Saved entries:
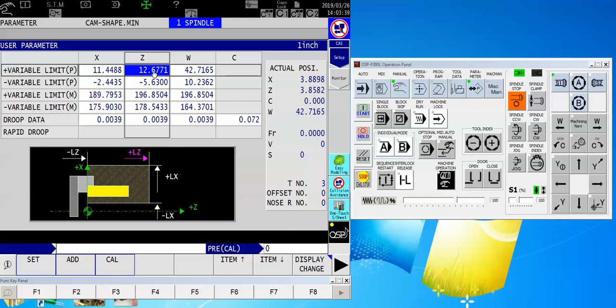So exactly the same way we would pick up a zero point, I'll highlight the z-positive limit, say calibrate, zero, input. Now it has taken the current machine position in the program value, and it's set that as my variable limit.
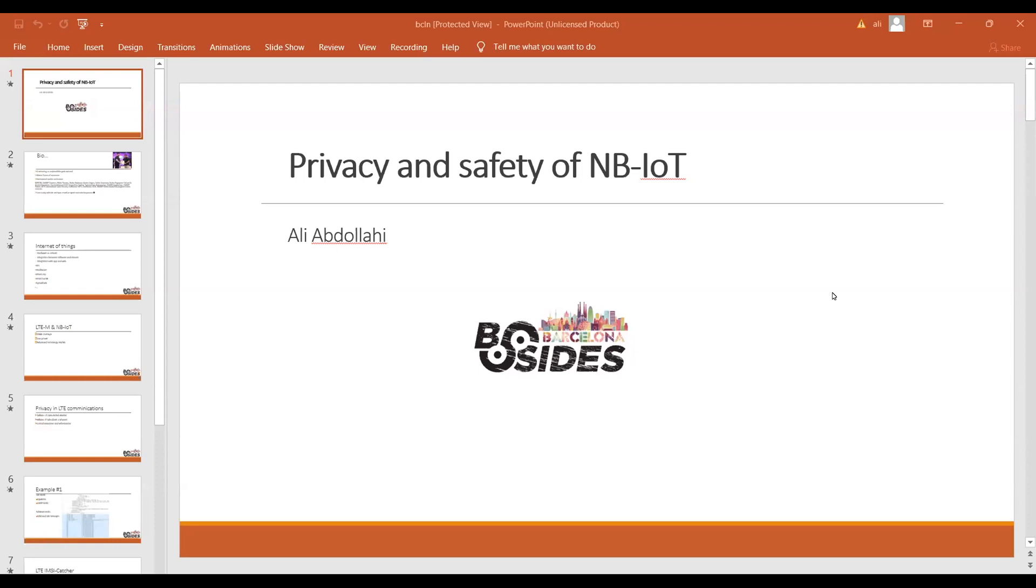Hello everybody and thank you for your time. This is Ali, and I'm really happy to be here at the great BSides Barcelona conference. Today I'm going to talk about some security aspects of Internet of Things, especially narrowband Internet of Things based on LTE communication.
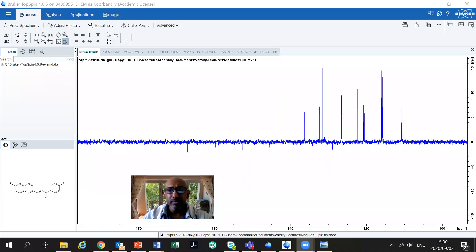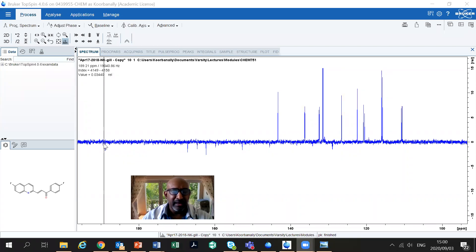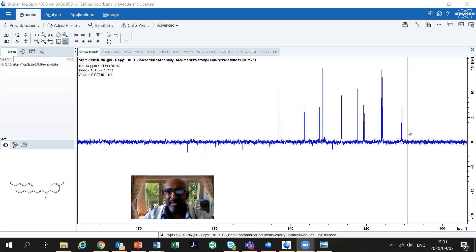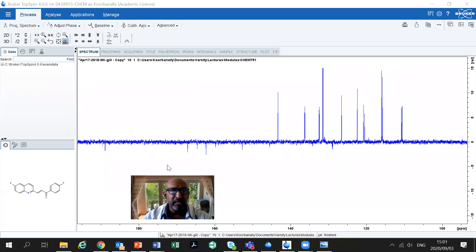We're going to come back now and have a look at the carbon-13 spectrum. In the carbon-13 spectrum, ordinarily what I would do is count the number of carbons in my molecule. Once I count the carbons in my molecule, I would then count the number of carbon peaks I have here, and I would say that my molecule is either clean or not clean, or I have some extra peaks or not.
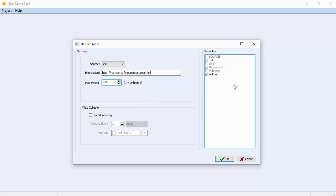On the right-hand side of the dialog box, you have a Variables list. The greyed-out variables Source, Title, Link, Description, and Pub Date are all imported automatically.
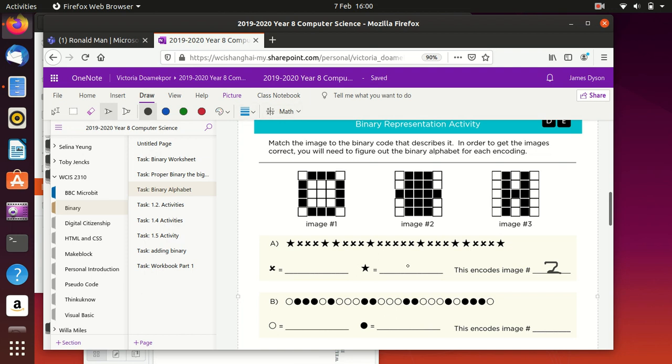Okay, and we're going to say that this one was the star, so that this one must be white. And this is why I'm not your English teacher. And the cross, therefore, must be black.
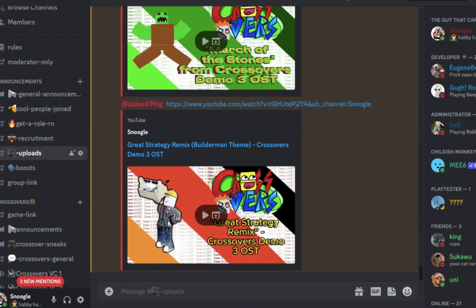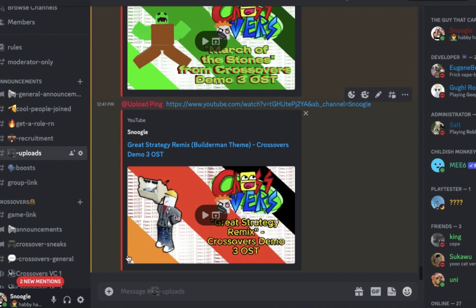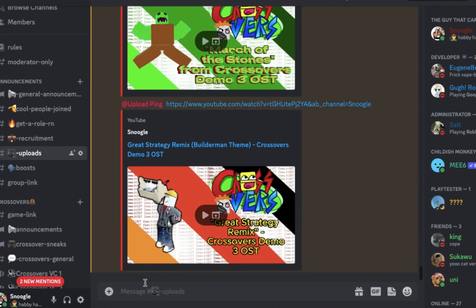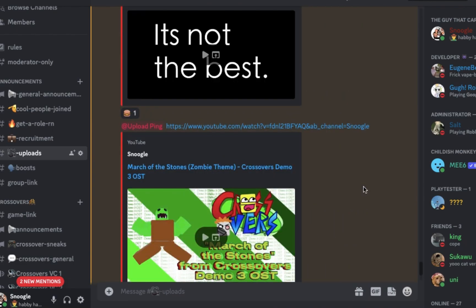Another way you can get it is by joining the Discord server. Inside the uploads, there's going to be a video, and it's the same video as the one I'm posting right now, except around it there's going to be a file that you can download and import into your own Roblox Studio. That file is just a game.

EXERCISE GOAL:
Repeat every entry exactly, but leave out the pictures.

TASK SOLUTION:
So exactly the same way we would pick up a zero point, I'll highlight the z-positive limit, say calibrate, zero, input. Now it has taken the current machine position in the program value, and it's set that as my variable limit.
Hello everybody and thank you for your time. This is Ali, and I'm really happy to be here at the great BSides Barcelona conference. Today I'm going to talk about some security aspects of Internet of Things, especially narrowband Internet of Things based on LTE communication.
We're going to come back now and have a look at the carbon-13 spectrum. In the carbon-13 spectrum, ordinarily what I would do is count the number of carbons in my molecule. Once I count the carbons in my molecule, I would then count the number of carbon peaks I have here, and I would say that my molecule is either clean or not clean, or I have some extra peaks or not.
On the right-hand side of the dialog box, you have a Variables list. The greyed-out variables Source, Title, Link, Description, and Pub Date are all imported automatically.
Okay, and we're going to say that this one was the star, so that this one must be white. And this is why I'm not your English teacher. And the cross, therefore, must be black.
Another way you can get it is by joining the Discord server. Inside the uploads, there's going to be a video, and it's the same video as the one I'm posting right now, except around it there's going to be a file that you can download and import into your own Roblox Studio. That file is just a game.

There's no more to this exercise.